SAHARA OCCIDENTALE

Mappa del Sahara occidentale

Mappa del Sahara occidentale.

Il Sahara occidentale…la missione ONU MINURSO, rinnovata di anno in anno, che in realtà non riesce a concludere molto, se non nulla. Della Repubblica Araba Sarahawi Democratica (RASD) non se ne parla, almeno sui giornali italiani….eppure sono territori ricchi di fosfati, di pescato, di petrolio. La sua popolazione beneficia di tutto questo? O, come il solito, con complicità o distrazioni internazionali rimane a secco? Un articolo che riporta all’attenzione il problema saharawi e ne fa una sintetica storia. E chi sa che anche lì c’è un muro? E che muro!

Il Direttore scientifico: Maria Gabriella Pasqualini                 

Mohamed Abdelaziz, presidente della Repubblica Araba Saharawi Democratica (RASD), morto alla fine di maggio 2016 a 68 anni dopo una lunga malattia in un ospedale algerino, lascia alla sua popolazione una grande eredità.

Carismatico tanto da vedersi rinnovato il mandato elettorale per la dodicesima volta, è rimasto vicino anche alla componente più giovane del Fronte Polisario (Frente Popular de Liberaciòn de Saguìa el Hamra Y Rìo de Oro).

Quando i gruppi giovanili, nell’estate scorsa, erano arrivati a non escludere la ripresa della lotta armata se diplomazia e proteste non violente non avessero posto fine all’occupazione del Marocco, Abdelaziz sottolinea che la lotta armata” lungi da essere una minaccia …è un dovere sacro di tutti i membri del Fronte Polisario, un legittimo diritto sancito dalla Carta costituzionale e avallato da varie Risoluzioni delle Nazioni Unite”.

In effetti, il Sahara Occidentale, a Nord Est dell’Africa fra il Marocco e la Mauritania, è riconosciuto dalle Nazioni Unite dal 1964 come “territorio non autonomo da decolonizzare” conformemente alla precedente Dichiarazione del 14 dicembre 1960, sulla concessione dell’indipendenza ai popoli e ai Paesi sottoposti a dominio coloniale, ai sensi della Risoluzione 1514 (XV) dell’Assemblea Generale delle Nazioni Unite.

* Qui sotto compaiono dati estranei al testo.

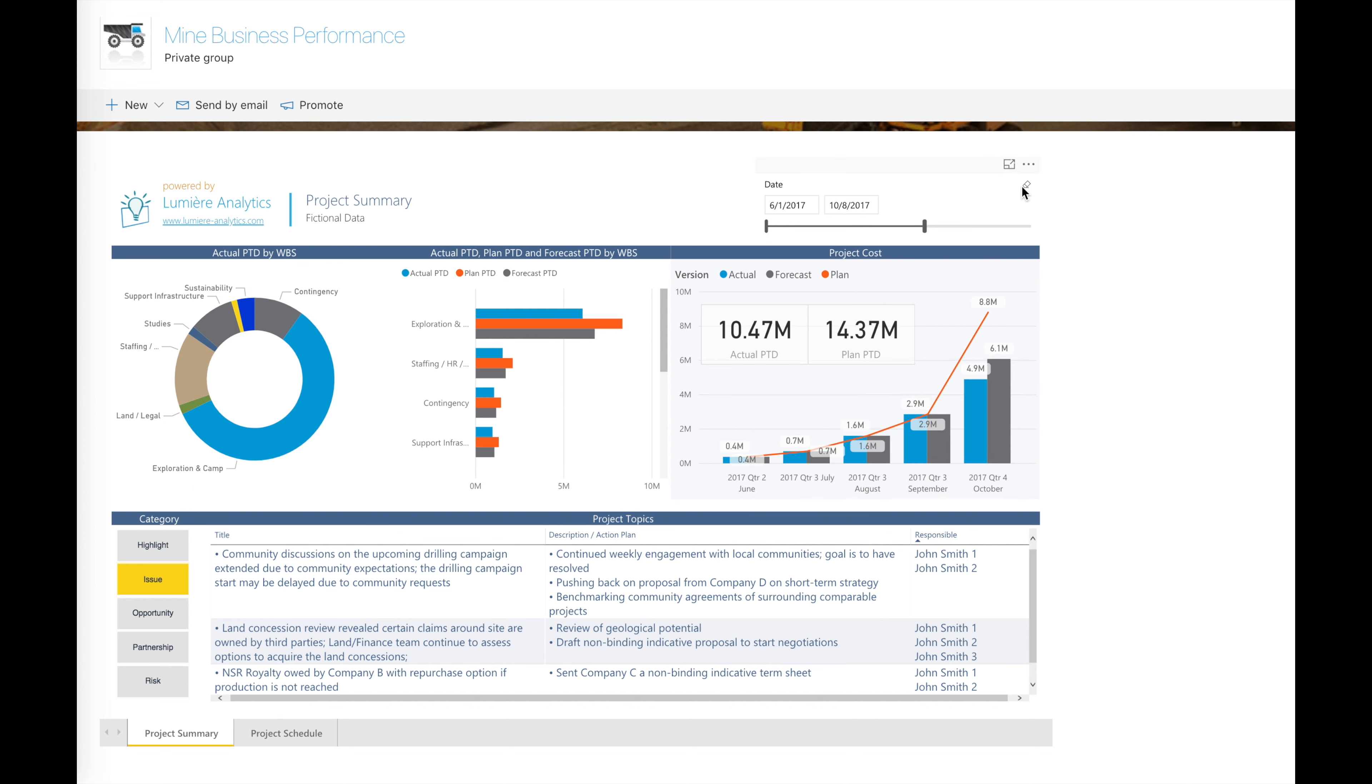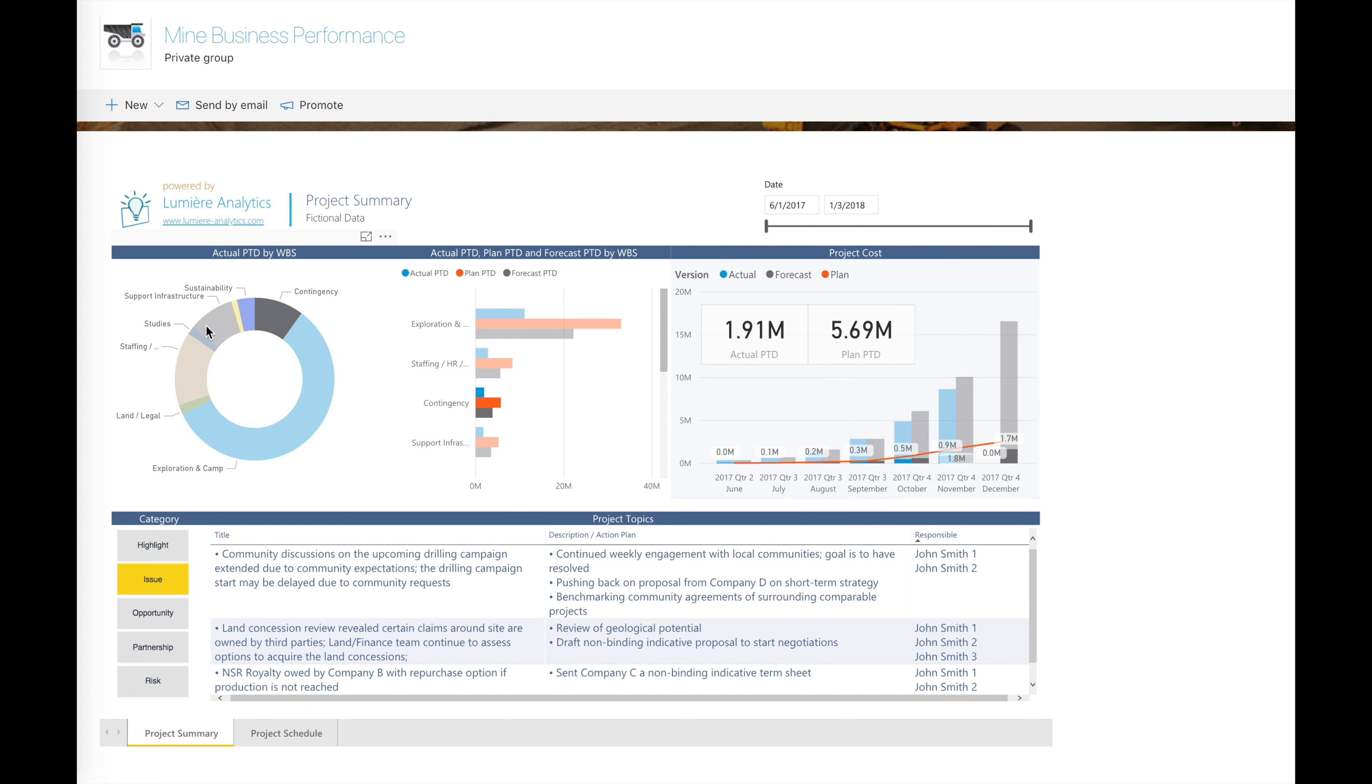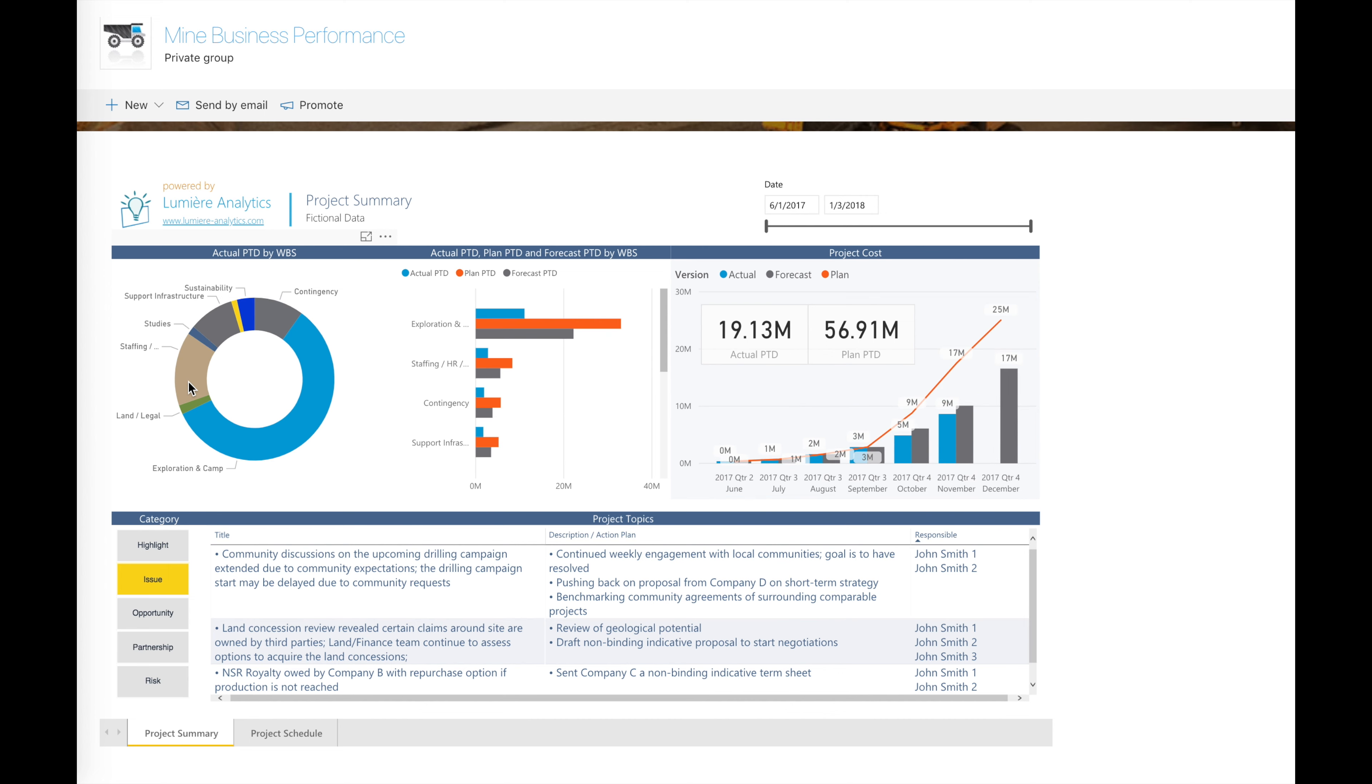Control the overall budget execution, understand the elements in the work breakdown structure that are generating cost variations, track the project issues, risks, decisions, among others.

La realtà sul terreno narra una storia diversa, che va storicamente conosciuta.

In primo luogo va ricordato che il 26 febbraio 1976 la Spagna abbandona il Sahara Occidentale e il giorno dopo il Fronte Polisario proclama la RASD. Il Marocco reagisce, usando anche bombe al napalm ma non riesce a spegnere la resistenza armata del popolo saharawi.

Solo nel 1991, Marocco e RASD sono per il ‘cessate – il – fuoco’ e l’ONU avvia la missione MINURSO con due obiettivi: vigilare sulla tregua e organizzare un referendum di autodeterminazione per indipendenza o autonomia.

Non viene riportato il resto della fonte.